Why Bring Accounting to the Cloud Amidst the Pandemic?


by Catherine Dahl

One of the best tools to leverage is cloud accounting, which can build cohesion between employees across the company – now that remote work has become the norm.

© eichinger julien/iStock/Getty Images Plus

The work of an accountant traditionally sees various spikes across the year, be it the tax season or the end of a fiscal year. However, as an impact of the pandemic and the sheer amount of work it has brought, accountants all around the globe are now experiencing heightened continuous stress levels.

While accounting has traditionally lagged behind in technology adoption compared to other business departments, tech tools are now seen as the ultimate aides to navigating the intense workloads. In fact, there are reasons to believe that adopting new technology would make accounting less stressful during the pandemic.

One of the best tools to leverage is cloud accounting, which can build unprecedented cohesion between employees across the company – now that remote work has become the norm. With the cloud, teams can stay organized, efficient, and flexible now and into the future.

Why should cloud accounting technology form the basis of virtual workplaces?

Modern solutions to novel problems

Even prior to COVID-19, 67% of companies said they want to shift their accounting process to the cloud. However, the traditional reliance on physical processes centered around paper files and hard drives made many reluctant to adopt the light-weight and dynamic cloud.

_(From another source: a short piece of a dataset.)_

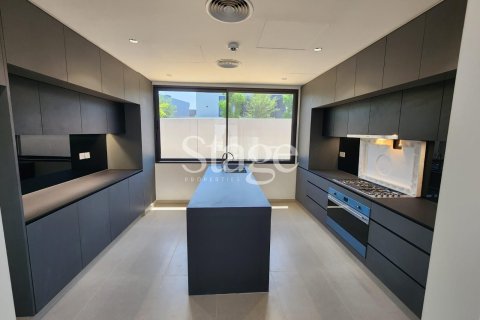 5 bedrooms Villa  No. 126997 8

However, the sudden switch to work-from-home revealed the urgent inefficiencies in different accounting processes and their obsolete nature. Legacy processes were exposed – and proved to be highly inadequate. Now, 54% of accountants say they have been working longer hours since the beginning of the pandemic, and the unpreparedness of their systems and workflows is the primary reason for this.

Outdated, paper-based, and complex manual processes failed to keep up with the pace of technological adoption, which is the key to success amidst the pandemic. That’s why the transition to the cloud could facilitate accountants’ work now while preparing them for the postlude of COVID-19 in the upcoming years as well.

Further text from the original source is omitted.